En muchos ejidos existe una desigualdad estructural: las y los jóvenes no pueden participar en igualdad de condiciones que los hombres adultos, quienes por casi un siglo son el principal grupo poblacional que ha gozado de derechos agrarios. Bajo este arreglo, las juventudes quedan excluidas de las asambleas ejidales, escenarios donde se toman decisiones que afectan al territorio comunitario y a los bienes comunes. “Los jóvenes están a un lado y los mayores siempre están ahí en las juntas”, describe Erika Anahí la realidad cotidiana que viven las nuevas generaciones.
Ante esta limitación, jóvenes, mujeres y hombres, de la comunidad Candelaria en José María Morelos, Quintana Roo, encontraron nichos para fortalecer la apicultura local, generar ingresos económicos y ocupar un rol de servicio que les permite ser reconocidos dentro de una estructura que tradicionalmente los margina. Así surgieron dos colectivos: Corazón de Miel, dedicado al estampado de láminas de cera de abeja, y Celda Real, especializado en la crianza de abejas reina.

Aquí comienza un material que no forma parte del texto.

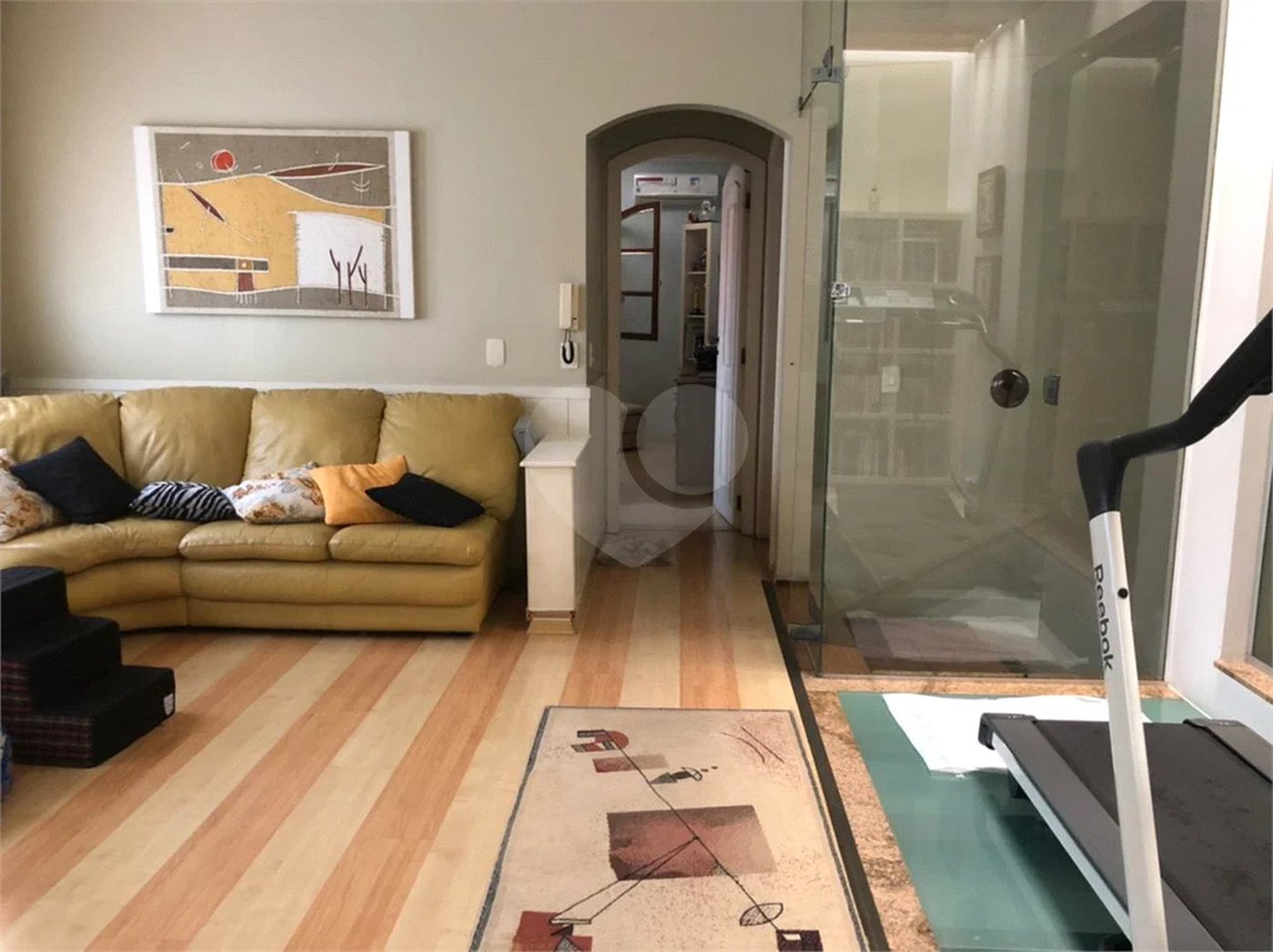 Sobrado com 363m² à venda no Alto da Moóca - 3 suítes e 6 vagas.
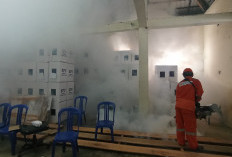 KPU Fogging Gudang Antisipasi Rayap Rusak Logistik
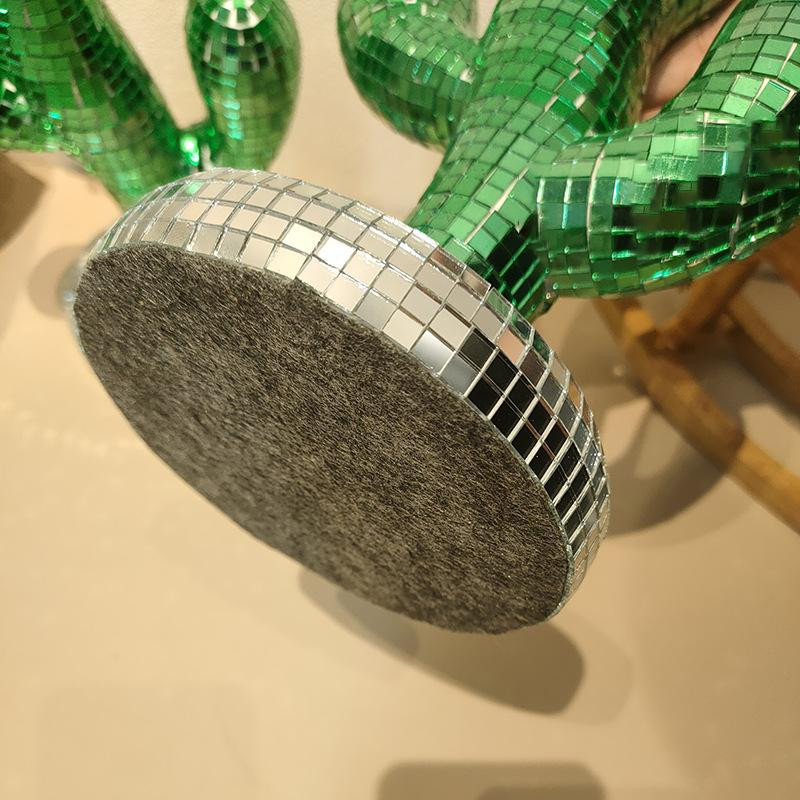 Retro Disco Kaktus Ornament in Grün, Handgemachtes Deko-Element für dein Wohnzimmer, Tischdekoration aus Glas und Schaumstoff, Höhe: 12,0 cm, Breite: 12,0 cm, Tiefe: 25,0 cm - Bild 2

La creación de estos colectivos no fue casual, sino una solución deliberada ante un problema logístico constante: para conseguir láminas de cera estampada y abejas reina de calidad, los apicultores de la comunidad debían trasladarse hasta la cabecera municipal de José María Morelos, invirtiendo tiempo valioso y recursos económicos. “Nosotros quisimos tenerlo en nuestra comunidad para que ya no vayan a Morelos”, explica Erika, evidenciando el sentido comunitario que tiene su trabajo. Más que un emprendimiento individual, se trata de un esfuerzo compartido que busca fortalecer la economía local y facilitar el trabajo de los apicultores.
El colectivo aprendió el proceso de estampado de cera a través de capacitaciones técnicas, pero rápidamente se apropiaron del conocimiento y lo adaptaron a las condiciones locales. “Ya no le metemos ningún químico ni nada, todo es natural”, destaca Erika, contrastando su producto con las láminas comerciales que contienen parafina y otros químicos que pueden afectar la salud de las abejas y limitar a la miel la cualidad de producto orgánico.
Paralelamente, el colectivo Celda Real aborda otra necesidad crítica en la apicultura. Vladimir Chavarría explica: “Nosotros vimos que era una necesidad, porque como no sabemos producir las reinas en nuestras propias colmenas, la mayoría de los apicultores aquí solo recolecta enjambres: los bajan y los colocan en las colmenas. Pero a veces esos enjambres no son buenos, no crecen en población o se van.” El colectivo, conformado por cuatro hombres y una mujer, trabaja de manera coordinada en un proceso técnico complejo que requiere conocimiento especializado sobre el comportamiento de las abejas y las condiciones ambientales locales.
Tradición que se renueva
Ambos colectivos construyen sobre una base sólida de conocimientos ancestrales que han sido transmitidos por generaciones. Diana reconoce esta continuidad histórica: “Esta es una tradición que traían mucho antes los antiguos abuelos o bisabuelos que les gustaba la apicultura, desde ellos trajeron este proyecto a todos los de la localidad y les gustó tanto como a los tíos, hermanos, sus propios hijos les gustó y sigue la producción de las abejas”. La apicultura no es una actividad nueva en la comunidad, es parte del tejido social, cultural y económico local.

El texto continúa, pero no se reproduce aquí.